(Items listed in a dataset)
§ §
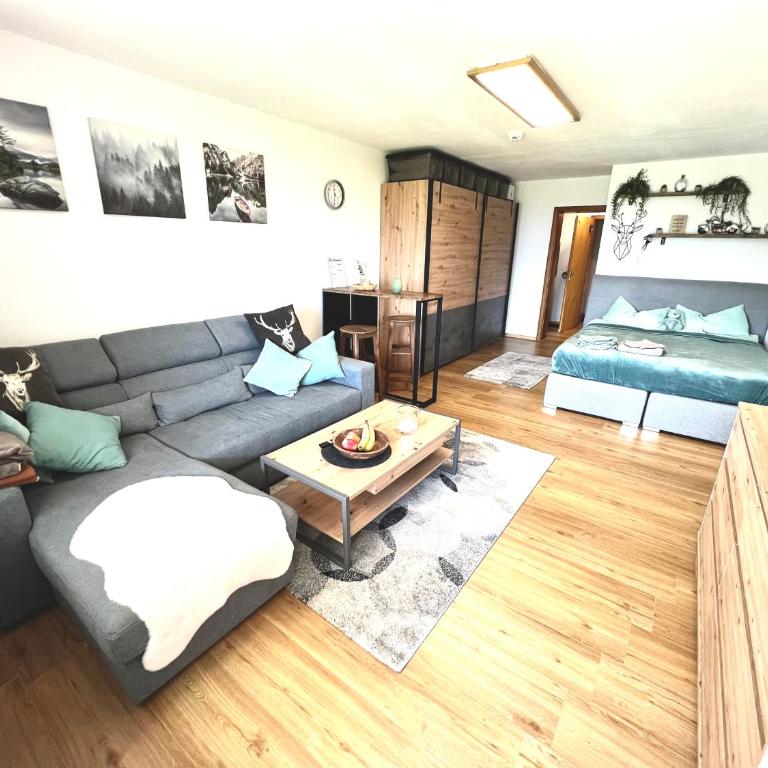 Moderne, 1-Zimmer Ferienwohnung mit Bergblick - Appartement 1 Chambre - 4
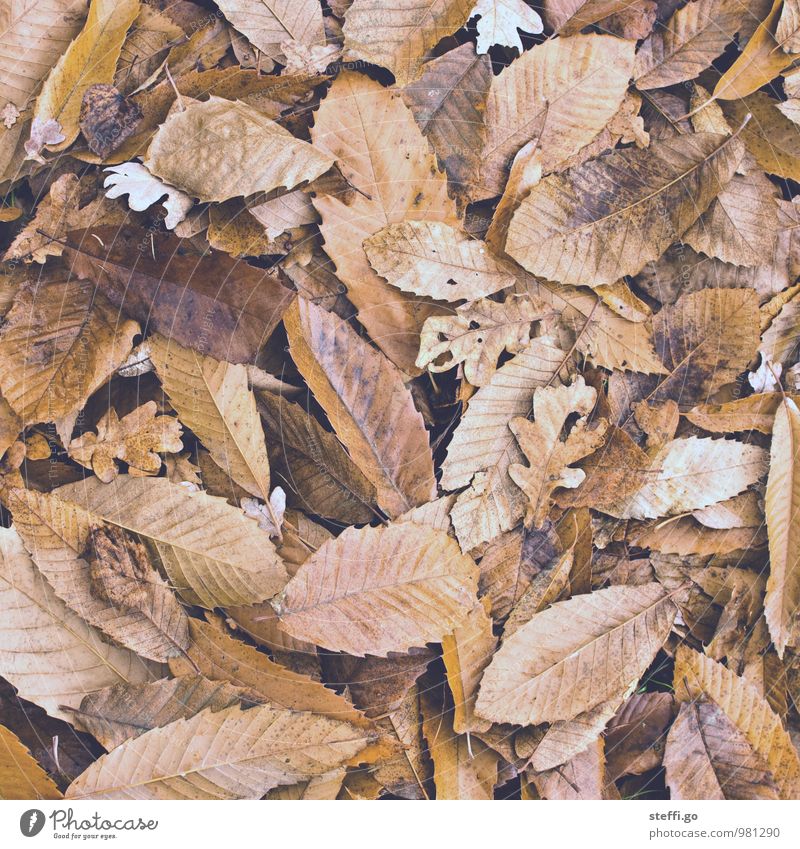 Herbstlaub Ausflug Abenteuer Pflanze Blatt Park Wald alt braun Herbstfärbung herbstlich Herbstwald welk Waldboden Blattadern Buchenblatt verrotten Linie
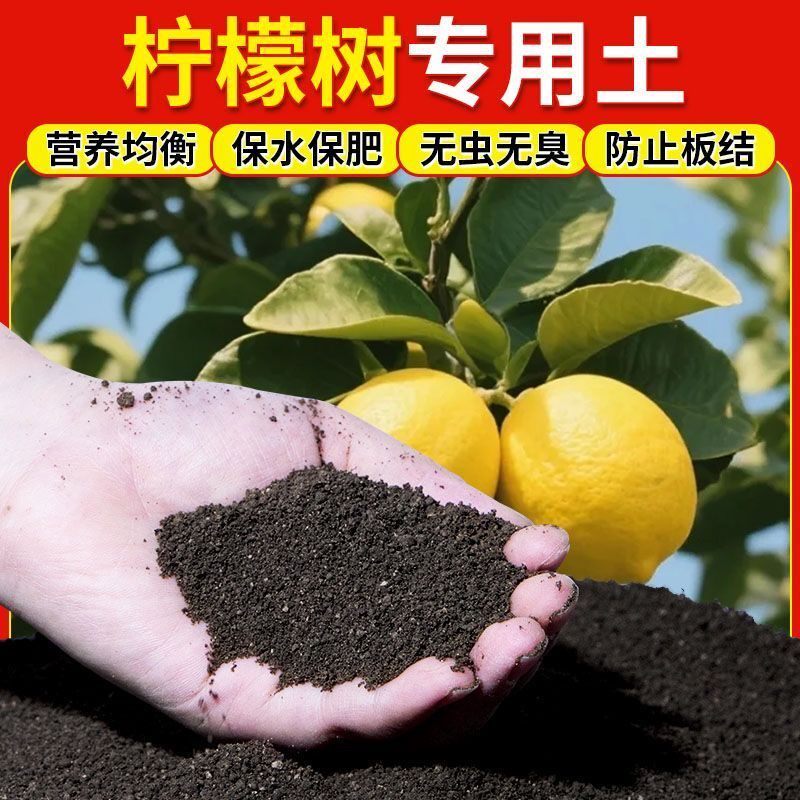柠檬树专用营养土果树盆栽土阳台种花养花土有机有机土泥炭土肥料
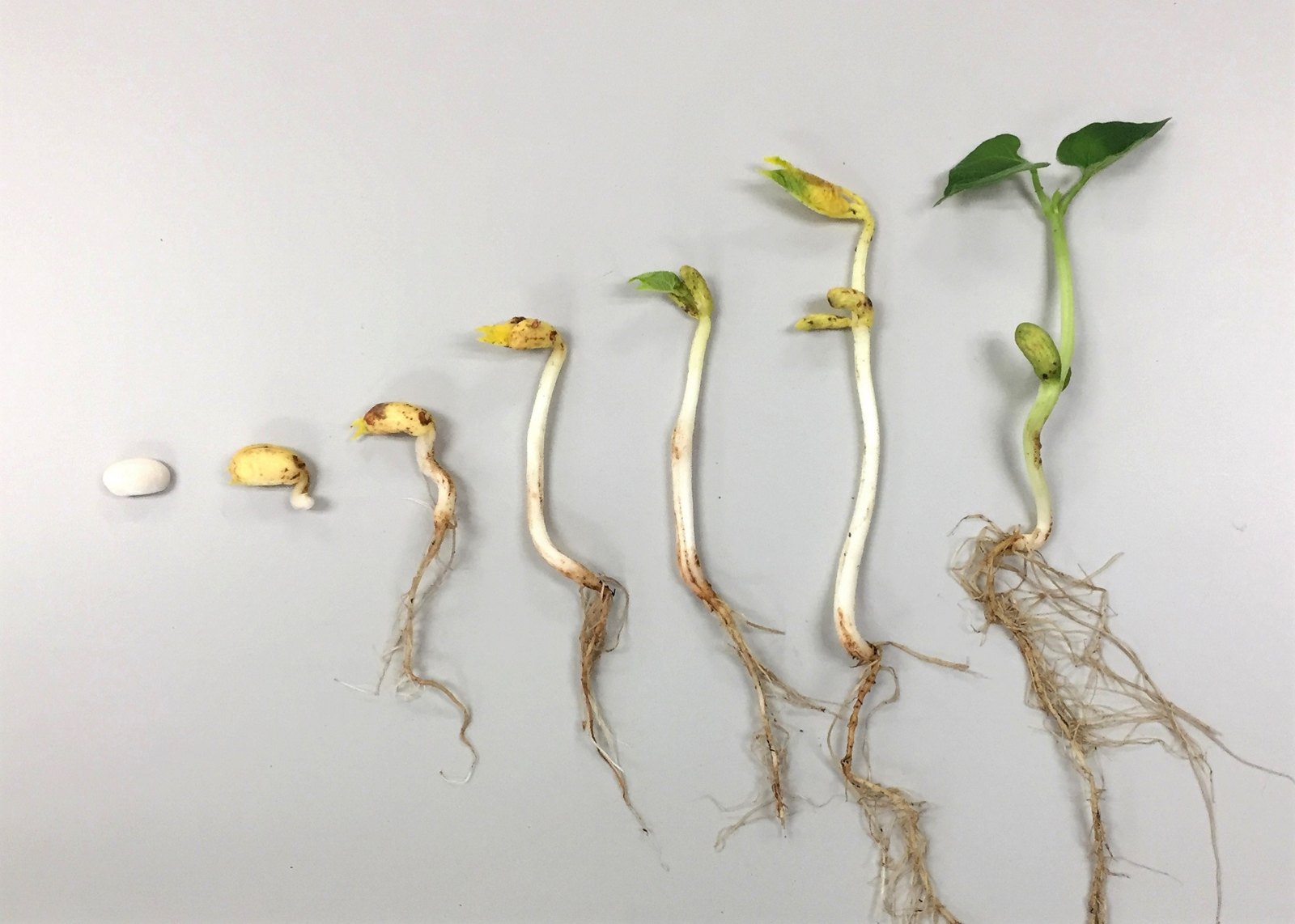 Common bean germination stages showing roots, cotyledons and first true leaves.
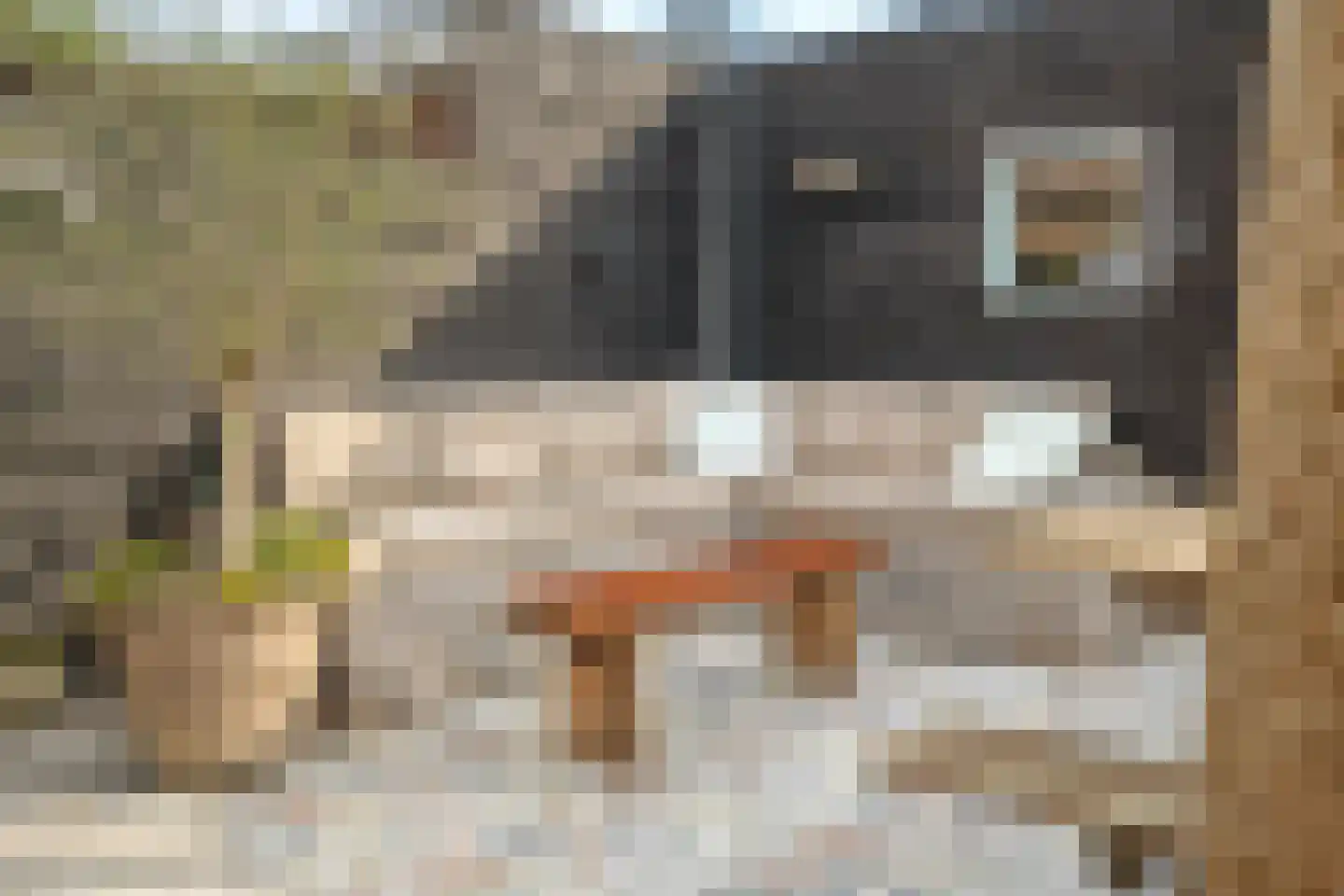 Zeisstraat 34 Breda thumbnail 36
§ §
▶ What is being asked
Word for word, set down the lines from the line with "柠檬树专用营养土果树盆栽土阳台种花养花土有机有机土泥炭土肥料" through the last line of the entries, and nothing else; the pictures stay out.

▶ Response to this exercise
柠檬树专用营养土果树盆栽土阳台种花养花土有机有机土泥炭土肥料
 Common bean germination stages showing roots, cotyledons and first true leaves.
 Zeisstraat 34 Breda thumbnail 36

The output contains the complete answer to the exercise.